Em um segundo momento, Schelling abandonou o projeto de identidade para se dedicar às obras Investigações Filosóficas sobre a Essência da Liberdade Humana (1809) e As Épocas do mundo (1811-1815) onde investigou o rompimento inicial com o absoluto. Esse projeto - também inacabado - influenciou profundamente a ontologia de Heidegger e, mais recentemente, o materialismo de Slavoj Žižek.[6]

Durante sua última abordagem filosófica, a Spätphilosophie, Schelling desenvolveu A Filosofia da mitologia (1821) e, em seguida, a Filosofia da revelação (1831) onde analisou a relação comum entre os conceitos religiosos, tais como o politeísmo e cristianismo. Em suas últimas aulas, ele expôs um conceito de concretude da vida em oposição às abstrações dialéticas de seu ex-colega Hegel. Vários pensadores frequentaram essas aulas, tais como o filósofo Schopenhauer, o existencialista Kierkegaard, e o teórico anarquista Mikhail Bakunin, que se inspirou nas tendências materialistas de Schelling.

Índice

BiografiaEditar

 
Foto de 1910 do seminário Stift, onde Schelling estudou com Hegel.

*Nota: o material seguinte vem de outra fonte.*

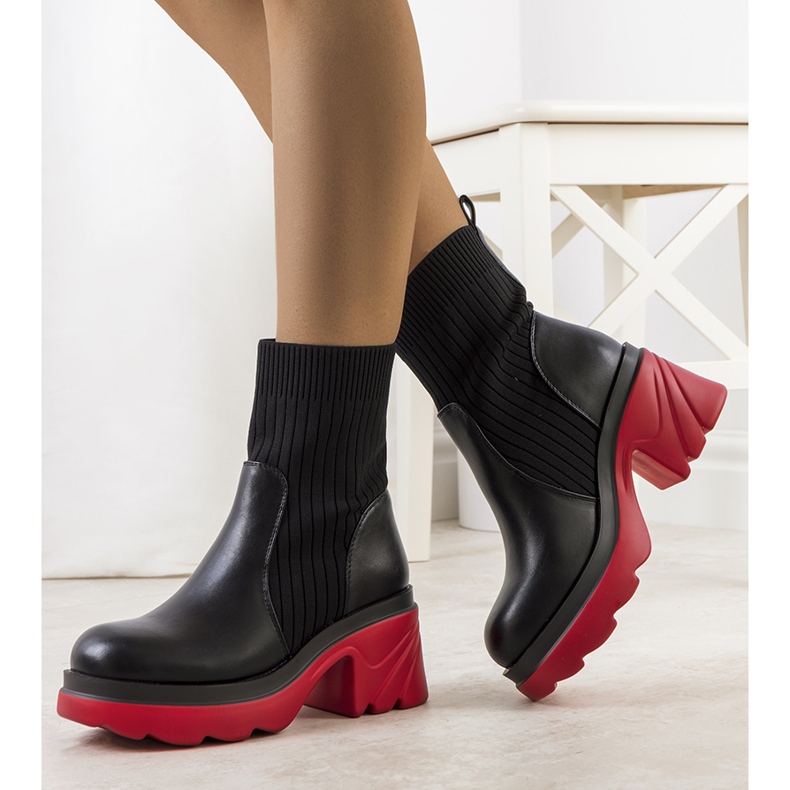 PA1 Bottines noires à semelle Tomlin rouge 1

Schelling nasceu no dia 27 de janeiro de 1775 em Leonberg em Baden-Württemberg, Alemanha.[7] Seu pai foi um pastor luterano, descrito pelo próprio filho como "um homem de estudos, um dos melhores discípulo de Michaelis de seu tempo". Foi com ele que Schelling aprendeu os idiomas árabe e hebraico.[8]

Ele cursou o ensino médio em Nürtingen, onde aprendeu latim e grego e foi colega do poeta Friedrich Hölderlin. Em outubro de 1790 entrou para o Stift, um seminário protestante da Universidade de Tubinga, onde novamente foi colega de Hölderlin e do futuro filósofo Hegel.[9] Na época do seminário, Hegel e Hölderlin tinham 27 anos, e Schelling, considerado precoce, 22.[10] Ele obteve seu diploma de filosofia em 2 anos de estudos com o ensaio Tentativa de explicação crítica e filosófica dos mais antigos filosofemas de Gênesis III sobre a origem primeira da maldade humana (1792).[9][11] Em conjunto com seus dois colegas, ele escreveu o texto O Mais Antigo Sistema do Idealismo Alemão (1795-1797).[12]

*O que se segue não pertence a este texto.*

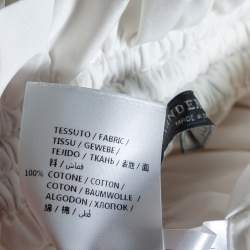 Pre Owned Alexander McQueen White Cotton Ruched Tiered Off Shoulder Midi Dress M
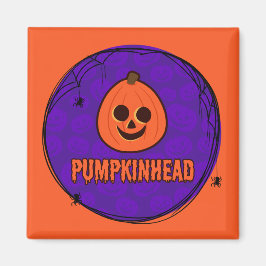 Spinnennetze und Pumpkinheads Square Magnet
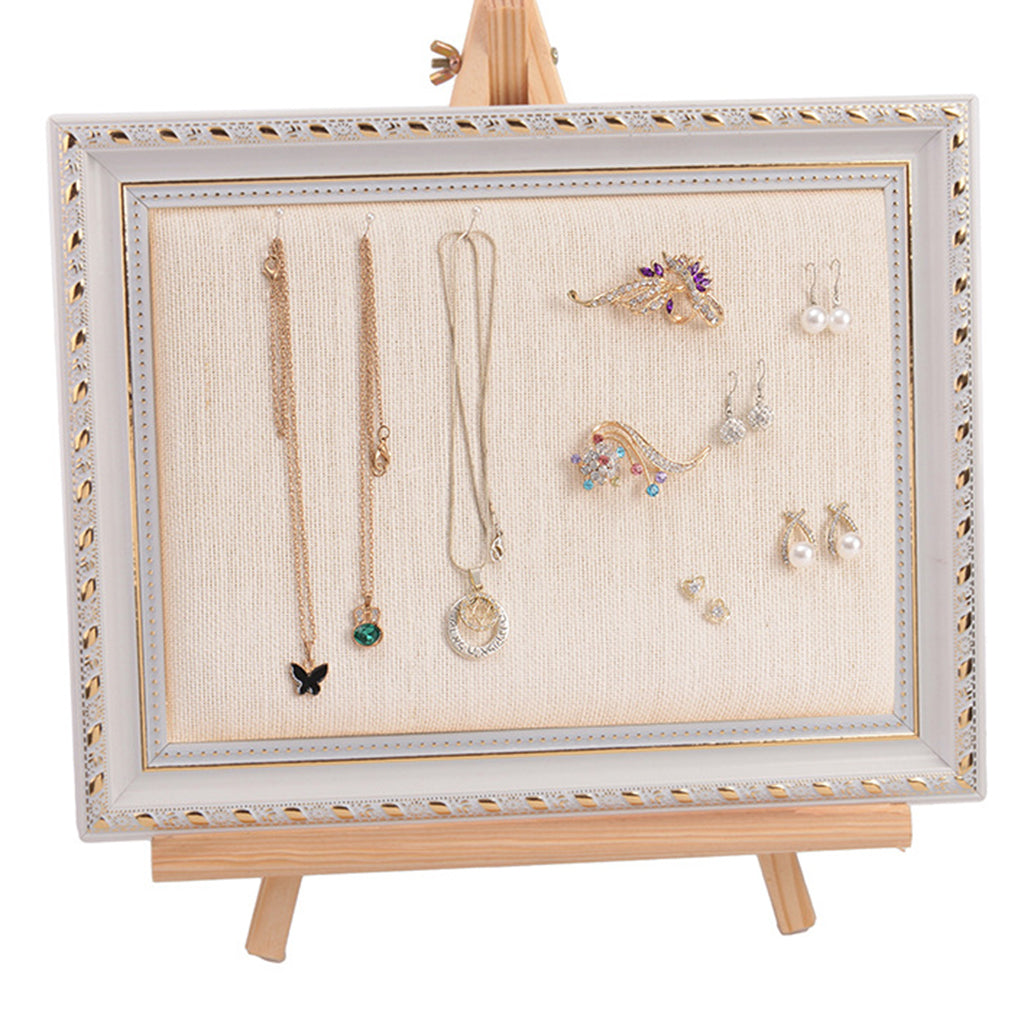 Velvet Jewelry Display Holder Resin Picture Frame Display Rack Stand Linen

Influenciado por Fichte, com quem se reunira em 1974,[9] Schelling publicou a obra Sobre a Possibilidade de uma Forma da Filosofia em Geral em 1795. Ainda no mesmo ano ele escreveu uma dissertação teológica sobre o apóstolo Paulo de Tarso nomeada De Marcione Paullinarum epistolarum emendatore.[13] Em 1796 ele passou a lecionar na Universidade de Leipzig, onde iniciou seus estudos sobre filosofia da natureza e se aprofundou em matemática e medicina.[9] Com seu livro Da Alma do Mundo (1798) ele conquistou admiração e amizade do escritor Goethe, que o indicou para a cátedra de filosofia na Universidade de Jena.[14] Em 1800 ele publicou O Sistema do idealismo transcendental, dedicado à filosofia da natureza.[9]

 
O poeta Hölderlin foi colega de Schelling em Tubinga.

Em Jena ele conheceu sua futura esposa Caroline Schlegel, então casada com o poeta August Wilhelm Schlegel.[15]

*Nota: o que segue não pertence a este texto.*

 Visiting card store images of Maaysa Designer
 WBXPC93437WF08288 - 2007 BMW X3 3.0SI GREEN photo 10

Schelling mudou-se para Munique em 1806, cidade em que permaneceria durante 35 anos. Ele se tornou membro da Academia das Ciências e foi nomeado secretário-geral da então recém-fundada Academia das Artes Figurativas, interrompendo assim suas atividades como professor. Em 1809 ele publicou seu grande livro Investigações Filosóficas sobre a Essência da Liberdade Humana, poucos meses antes de Caroline morrer. A morte da esposa fez com que Schelling mergulhasse em uma profunda crise existencial. Em 1812 ele se casou com Pauline Gotter, com quem teve seis filhos. Dois de seus filhos, (Karl Friedrich August Schelling e Hermann von Schelling) publicariam futuramente as obras completas de seu pai.[9]

Durante seu período em Munique, Schelling foi duramente criticado pelo filósofo Friedrich Heinrich Jacobi. Em seu livro Das Coisas Divinas e sua revelação (1811), Jacobi atacou o pensamento schellingiano, acusando-o de restringir a liberdade humana, extinguindo as diferenças entre o bem e o mal. Schelling, contudo, procurou refutar as críticas evidenciando a compatibilidade entre liberdade e necessidade, o infinito e o finito.[16]

Schelling só voltaria a lecionar em 1820, estimulado por Franz Xaver von Baader e pela recente publicação do ensaio de Friedrich Schlegel Sobre a Língua e a Sabedoria dos Indianos (1808). Outro fator decisivo para seu retorno à cátedra foi a crítica feita por Hegel ao seu pensamento, escrita no livro Prefácio à Fenomenologia do Espírito (1807). Em sua volta como professor, passou a lecionar para o então príncipe herdeiro Maximiliano II, futuro rei da Baviera.[17]

Hegel morreu em 1831 e Schelling foi chamado para ocupar a cadeira de filosofia de seu ex-colega na Universidade Humboldt de Berlim em 1840. Lá ele lecionou para nomes como Søren Kierkegaard, Alexander Humboldt, Bakunin e Friedrich Engels.[16]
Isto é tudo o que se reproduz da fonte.